**About this task**
Using the records below, transcribe exactly only the lines from the one with "Lovely Updated Cape Home 1 Mile to Beach" through the end, both included, and drop every picture.

**Supplied records**
== Segment start ==
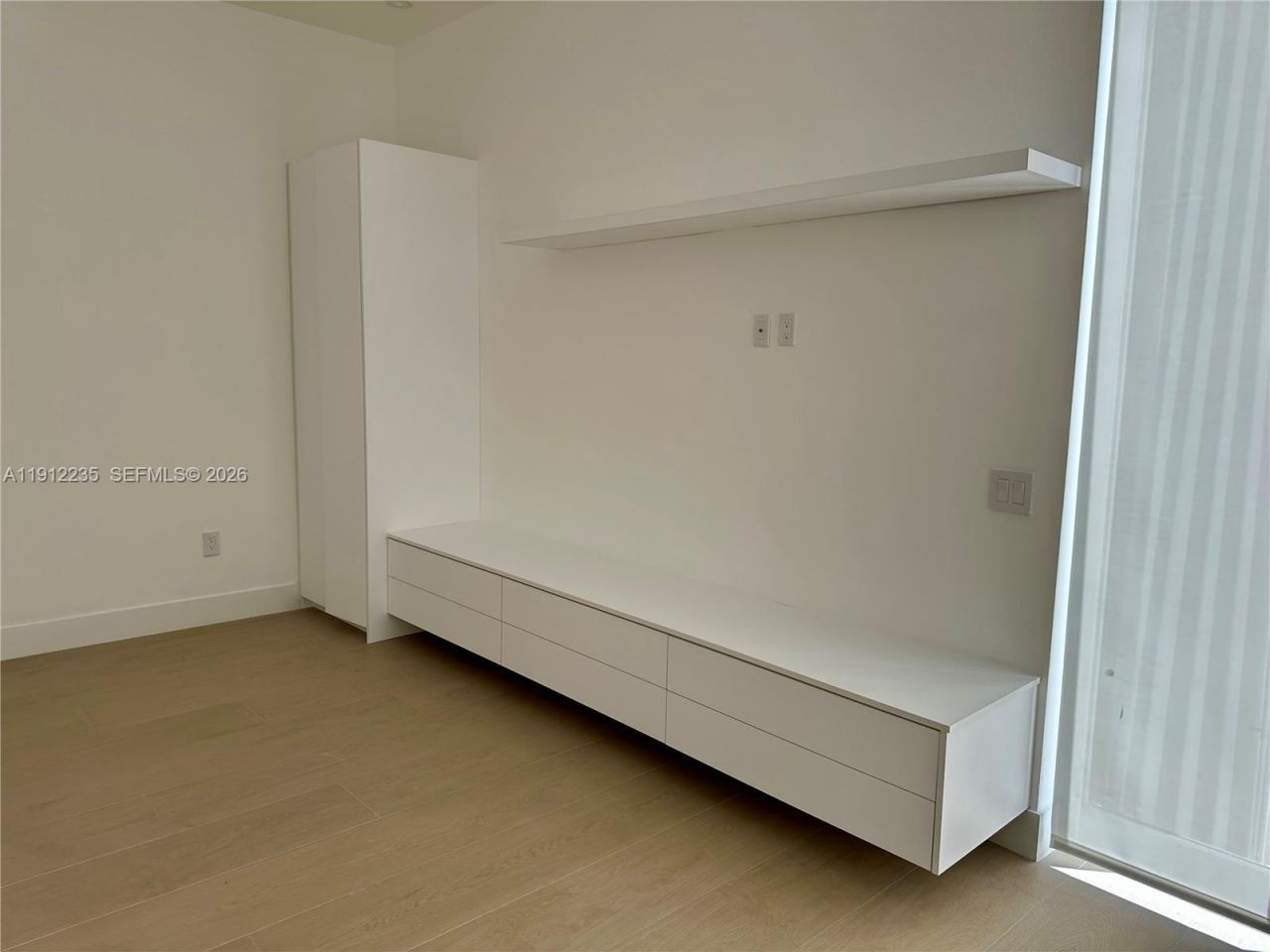 881 Ocean Dr, Unit L3, Key Biscayne, FL 33149 Photo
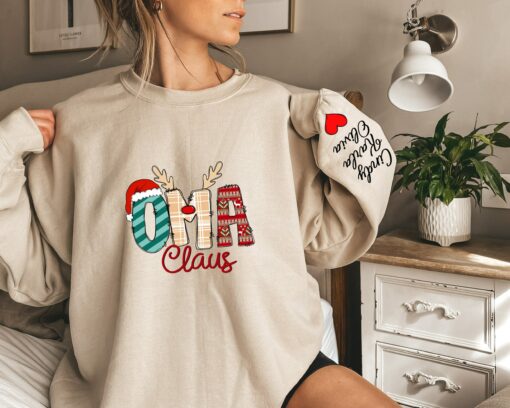 Personalized Oma Claus Christmas Grandma Unique Gift For Mom Custom Mama Sweatshirt With Children Name On Sleeve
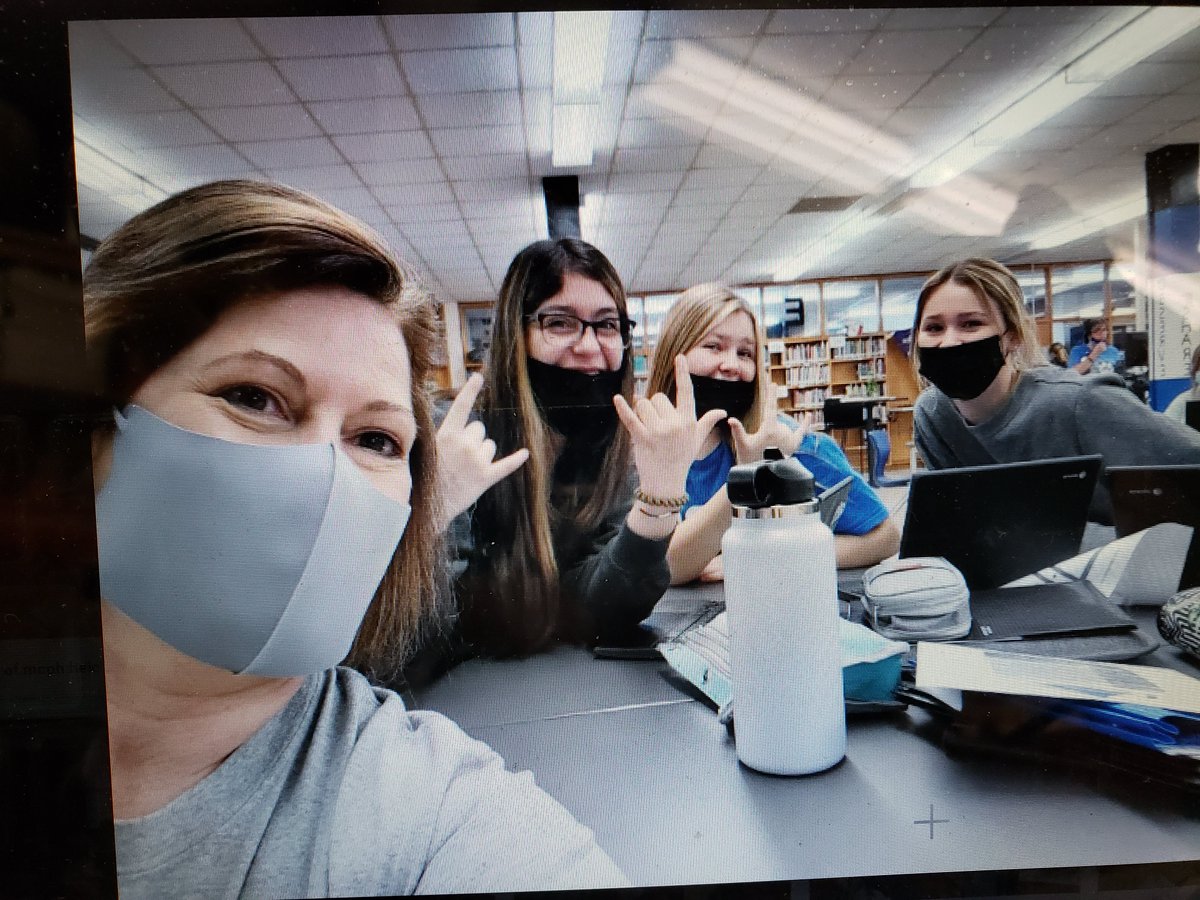 Cindy110200's tweet photo. HOC - Hour of Code is in full swing at MMS! #CTE #STEM All CTE students will receive the opportunity to learn more about Coding. @WildcatsMMS @STEMWestorg @dottieroseLLC #CCS @CCSITF https://t.co/RrgCdAxm0U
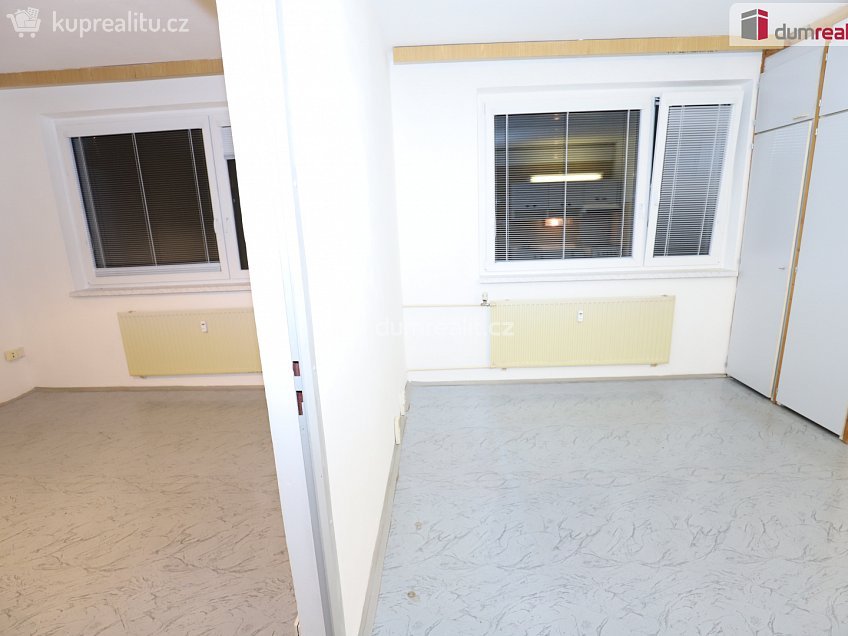 Prodej bytu 1+1 38 m^2 Slovenská, Sokolov 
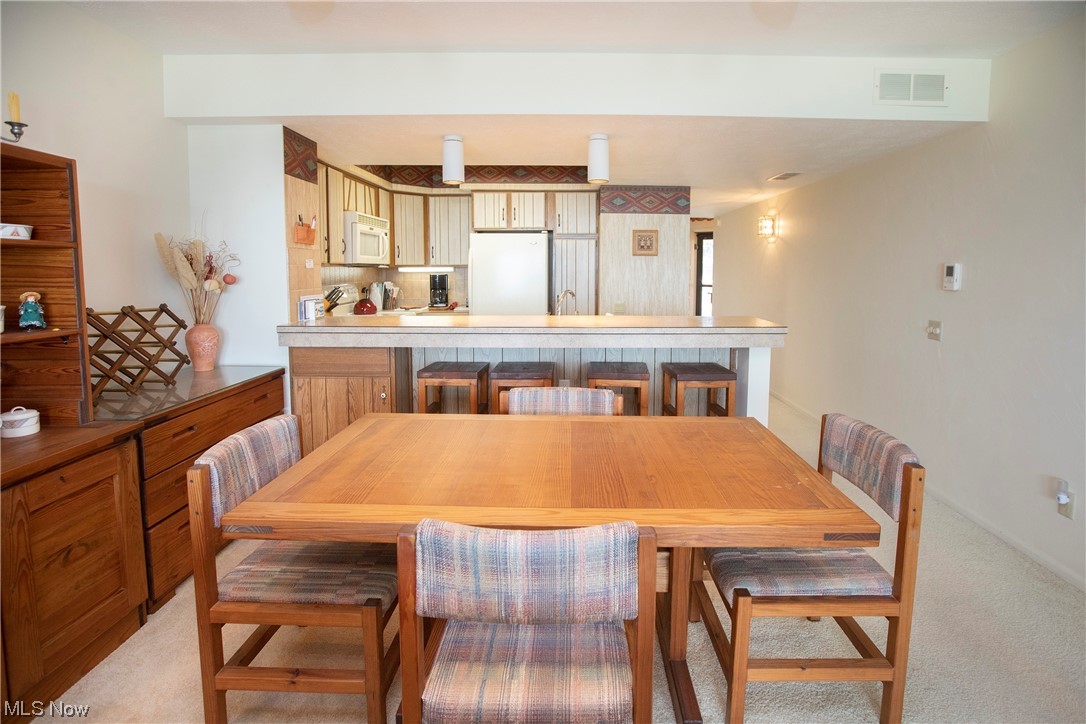 Beachwood Villas Condo - Residential Lease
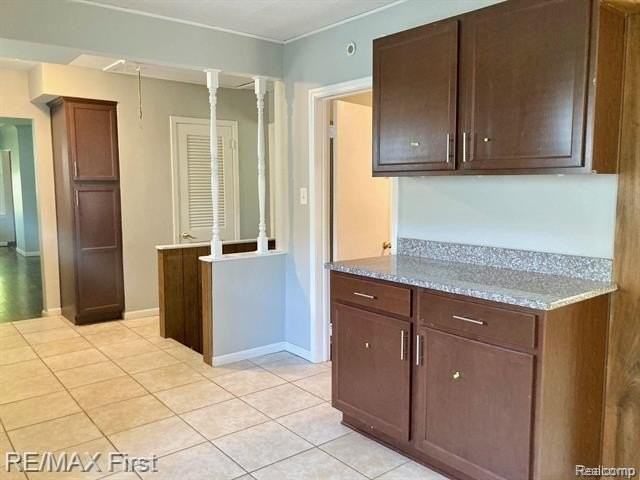340 E Maxlow Ave - Photo 4 of 11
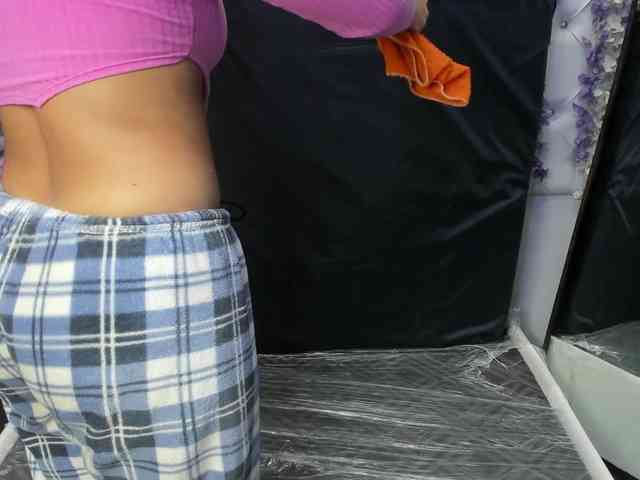 ariana-naugthy ariana-naugthy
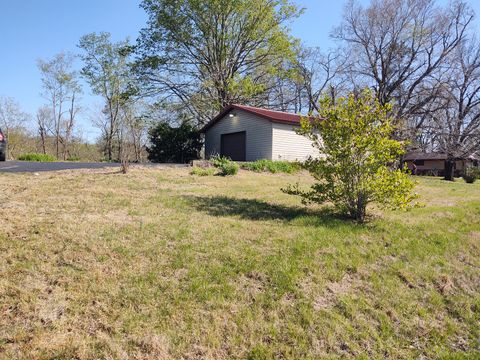 Tiny photo for 2000 St Rt 147, Vienna, IL 62995 (MLS # 12615844)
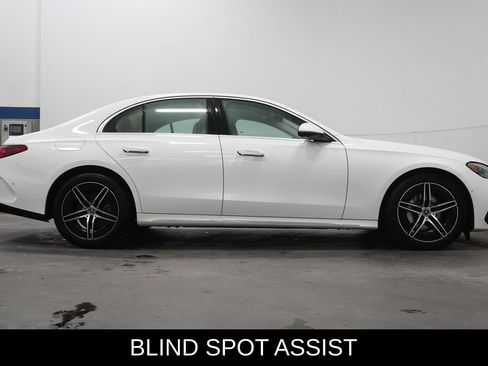 New 2026 Mercedes-Benz E 350 4MATIC Sedan image 8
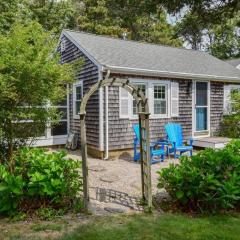 Lovely Updated Cape Home 1 Mile to Beach
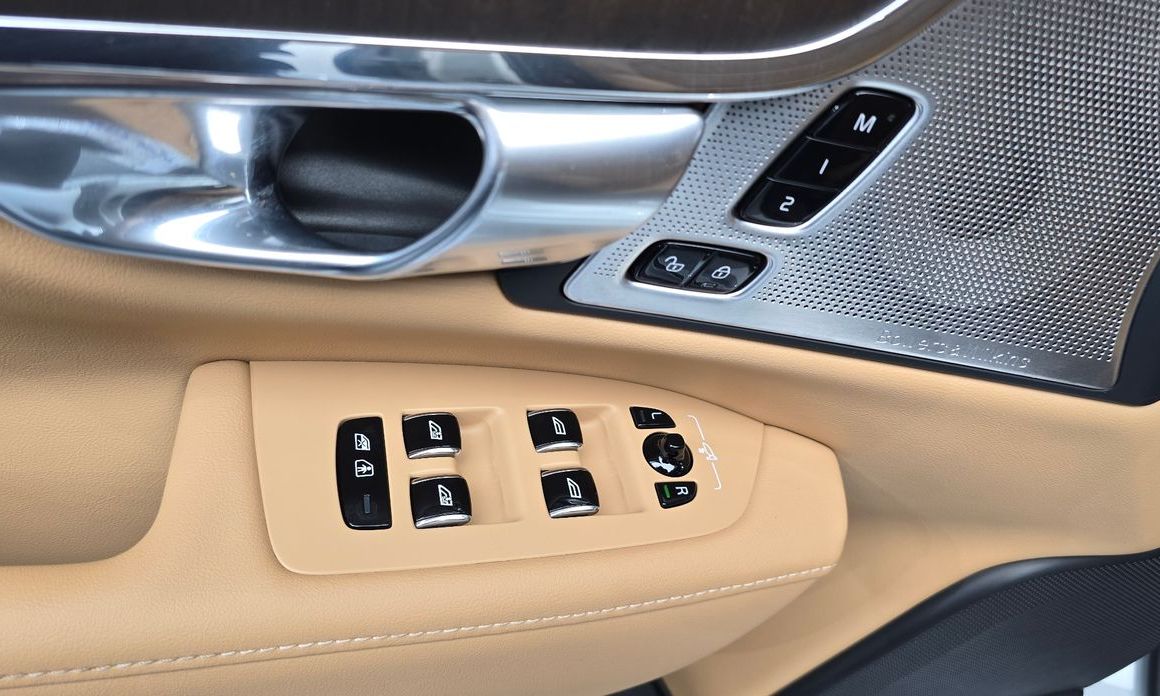 Volvo S90 2023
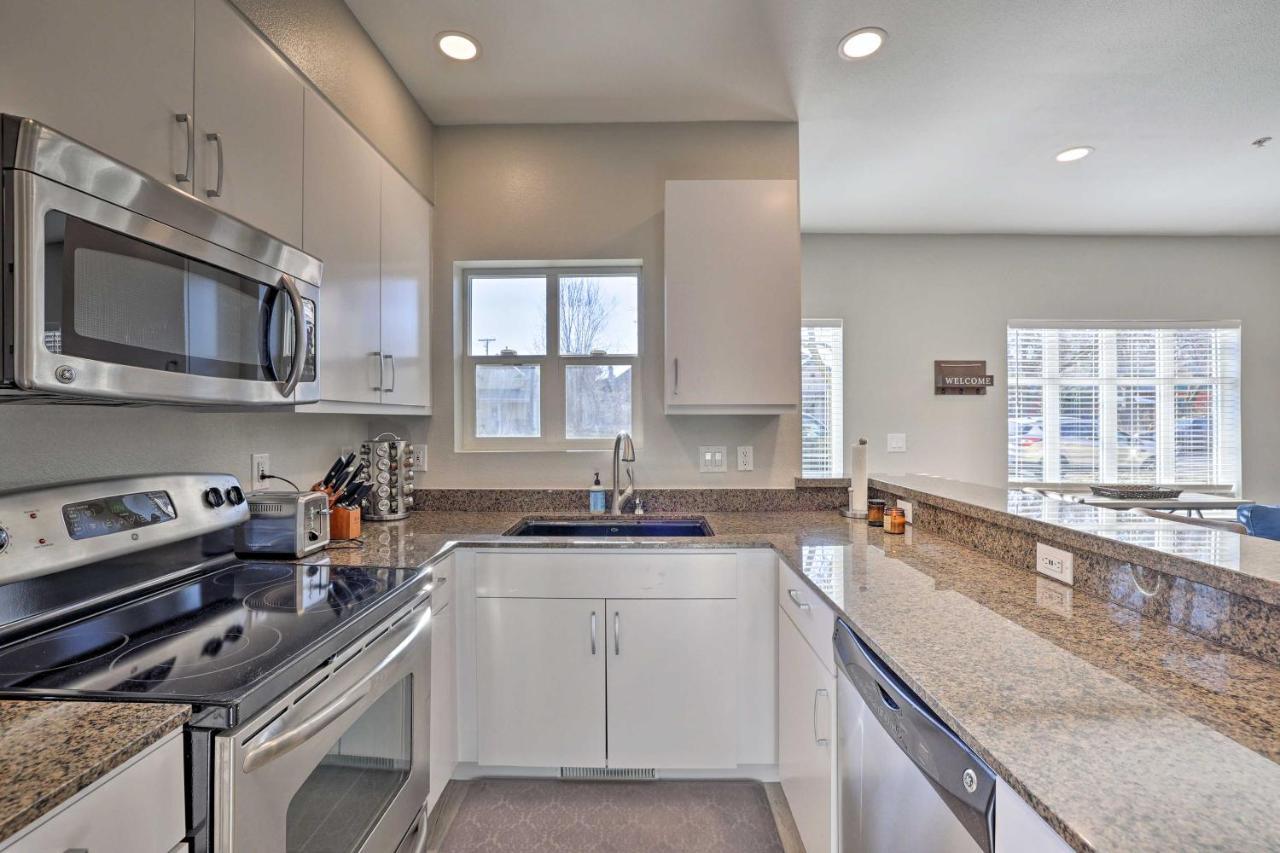 Chic Abode Walk To Bars And Restaurants! Apartment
== Segment end ==
**Solution to the exercise**
 Lovely Updated Cape Home 1 Mile to Beach
 Volvo S90 2023
 Chic Abode Walk To Bars And Restaurants! Apartment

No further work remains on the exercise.